Livro das derrapadas no marketing
Me causa o maior espanto a timidez da maioria daqueles que combatem o decreto do Prefeito Kassab que proibiu a propaganda exterior em São Paulo. Mesmo entre os que estão resistindo, na justiça, a essa arbitrariedade, multiplicam-se os argumentos do tipo “também somos a favor da cidade limpa, etc… mas… é preciso regulamentar, não proibir”…, etc.
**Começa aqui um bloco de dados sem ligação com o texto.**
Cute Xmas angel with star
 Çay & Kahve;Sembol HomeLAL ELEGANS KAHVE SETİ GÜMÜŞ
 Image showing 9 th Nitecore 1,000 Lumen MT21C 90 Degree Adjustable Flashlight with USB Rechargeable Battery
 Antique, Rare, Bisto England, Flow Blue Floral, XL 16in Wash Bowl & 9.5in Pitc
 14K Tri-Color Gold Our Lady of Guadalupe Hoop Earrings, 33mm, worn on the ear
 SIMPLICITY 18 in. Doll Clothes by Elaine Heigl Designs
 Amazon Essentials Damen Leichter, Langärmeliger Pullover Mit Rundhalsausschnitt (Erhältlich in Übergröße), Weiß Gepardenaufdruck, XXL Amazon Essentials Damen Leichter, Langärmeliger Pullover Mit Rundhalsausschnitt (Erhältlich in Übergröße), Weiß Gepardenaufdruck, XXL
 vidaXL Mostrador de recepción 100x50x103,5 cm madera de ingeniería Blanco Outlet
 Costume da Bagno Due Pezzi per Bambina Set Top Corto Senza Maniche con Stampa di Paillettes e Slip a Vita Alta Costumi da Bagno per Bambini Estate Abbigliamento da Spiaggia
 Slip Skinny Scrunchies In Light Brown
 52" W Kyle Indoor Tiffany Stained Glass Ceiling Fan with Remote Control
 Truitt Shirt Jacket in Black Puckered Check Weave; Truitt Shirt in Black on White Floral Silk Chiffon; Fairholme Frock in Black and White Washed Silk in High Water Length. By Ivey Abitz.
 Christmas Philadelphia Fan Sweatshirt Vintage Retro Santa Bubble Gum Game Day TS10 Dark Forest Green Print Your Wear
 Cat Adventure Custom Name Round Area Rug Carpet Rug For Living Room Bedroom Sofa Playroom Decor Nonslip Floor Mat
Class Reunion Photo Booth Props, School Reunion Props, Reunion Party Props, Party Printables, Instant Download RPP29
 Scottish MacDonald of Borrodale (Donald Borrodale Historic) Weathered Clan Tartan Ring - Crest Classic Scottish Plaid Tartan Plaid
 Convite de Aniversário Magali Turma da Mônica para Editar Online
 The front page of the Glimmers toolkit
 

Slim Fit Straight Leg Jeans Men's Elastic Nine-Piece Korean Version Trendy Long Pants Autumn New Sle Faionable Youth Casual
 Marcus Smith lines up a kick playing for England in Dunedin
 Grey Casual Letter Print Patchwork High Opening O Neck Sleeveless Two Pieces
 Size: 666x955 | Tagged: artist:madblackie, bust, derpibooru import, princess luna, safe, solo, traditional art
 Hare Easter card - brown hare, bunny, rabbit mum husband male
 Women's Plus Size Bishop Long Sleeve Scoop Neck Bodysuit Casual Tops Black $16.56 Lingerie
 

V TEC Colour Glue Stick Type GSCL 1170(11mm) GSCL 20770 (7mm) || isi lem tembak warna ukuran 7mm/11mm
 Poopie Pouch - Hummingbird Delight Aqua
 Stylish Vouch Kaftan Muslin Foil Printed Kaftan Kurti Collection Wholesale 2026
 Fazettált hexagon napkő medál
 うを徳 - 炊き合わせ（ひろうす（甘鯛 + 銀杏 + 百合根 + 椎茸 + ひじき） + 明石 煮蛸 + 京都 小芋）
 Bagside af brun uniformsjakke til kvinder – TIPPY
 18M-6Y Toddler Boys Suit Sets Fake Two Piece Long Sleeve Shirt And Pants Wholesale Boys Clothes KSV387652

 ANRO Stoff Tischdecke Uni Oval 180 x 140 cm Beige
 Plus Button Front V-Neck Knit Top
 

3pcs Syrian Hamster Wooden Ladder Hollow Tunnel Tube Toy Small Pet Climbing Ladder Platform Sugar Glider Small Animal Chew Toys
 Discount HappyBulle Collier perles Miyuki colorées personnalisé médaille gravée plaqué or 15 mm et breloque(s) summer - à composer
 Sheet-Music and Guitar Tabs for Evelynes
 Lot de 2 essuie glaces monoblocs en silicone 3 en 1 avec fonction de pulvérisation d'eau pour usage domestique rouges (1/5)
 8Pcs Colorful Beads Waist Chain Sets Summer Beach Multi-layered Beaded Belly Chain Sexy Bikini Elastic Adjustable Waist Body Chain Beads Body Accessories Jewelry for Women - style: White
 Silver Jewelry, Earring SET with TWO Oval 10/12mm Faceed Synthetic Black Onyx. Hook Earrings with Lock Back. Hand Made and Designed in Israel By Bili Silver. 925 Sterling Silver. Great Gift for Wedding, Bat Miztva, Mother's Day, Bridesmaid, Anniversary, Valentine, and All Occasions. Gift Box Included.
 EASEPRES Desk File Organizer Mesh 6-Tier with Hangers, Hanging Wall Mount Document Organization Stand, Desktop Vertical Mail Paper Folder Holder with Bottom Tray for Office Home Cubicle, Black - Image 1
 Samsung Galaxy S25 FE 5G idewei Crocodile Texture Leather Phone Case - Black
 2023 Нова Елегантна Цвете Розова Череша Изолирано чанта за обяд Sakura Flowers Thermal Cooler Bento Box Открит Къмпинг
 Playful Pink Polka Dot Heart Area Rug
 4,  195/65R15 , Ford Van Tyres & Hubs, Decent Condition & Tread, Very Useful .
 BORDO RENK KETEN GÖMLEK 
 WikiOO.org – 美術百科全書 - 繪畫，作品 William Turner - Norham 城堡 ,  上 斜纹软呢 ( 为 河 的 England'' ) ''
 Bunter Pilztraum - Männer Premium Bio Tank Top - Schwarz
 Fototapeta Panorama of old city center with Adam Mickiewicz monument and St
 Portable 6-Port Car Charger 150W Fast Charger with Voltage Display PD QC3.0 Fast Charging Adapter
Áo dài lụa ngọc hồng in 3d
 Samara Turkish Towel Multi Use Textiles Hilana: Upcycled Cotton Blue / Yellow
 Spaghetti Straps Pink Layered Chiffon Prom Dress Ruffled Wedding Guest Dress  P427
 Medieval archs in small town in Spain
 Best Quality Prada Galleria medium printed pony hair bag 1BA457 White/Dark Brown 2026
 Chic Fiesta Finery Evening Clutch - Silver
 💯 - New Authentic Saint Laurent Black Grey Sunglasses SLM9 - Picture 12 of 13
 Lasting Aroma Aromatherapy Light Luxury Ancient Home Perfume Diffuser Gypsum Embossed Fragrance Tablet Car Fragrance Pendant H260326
Gente, o que é isso? Estão com medo dele? Chamaram a publicidade de sujeira e nós, publicitários, concordamos, pelo menos em parte, com este insulto, em vez de processá-lo por calúnia? Decretaram a interdição de uma atividade porque não conseguem controlar uma fração dela que está irregular e nós achamos isso normal? E se proibissem toda a atividade comercial porque os camelôs também são “informais” e não se consegue coibir sua atividade? E se resolverem fechar todas as rádios porque algumas são piratas e não conseguem fiscalizar? E se proibirem o email por causa do “spam”?… Com certeza muitos vão achar também “normal”.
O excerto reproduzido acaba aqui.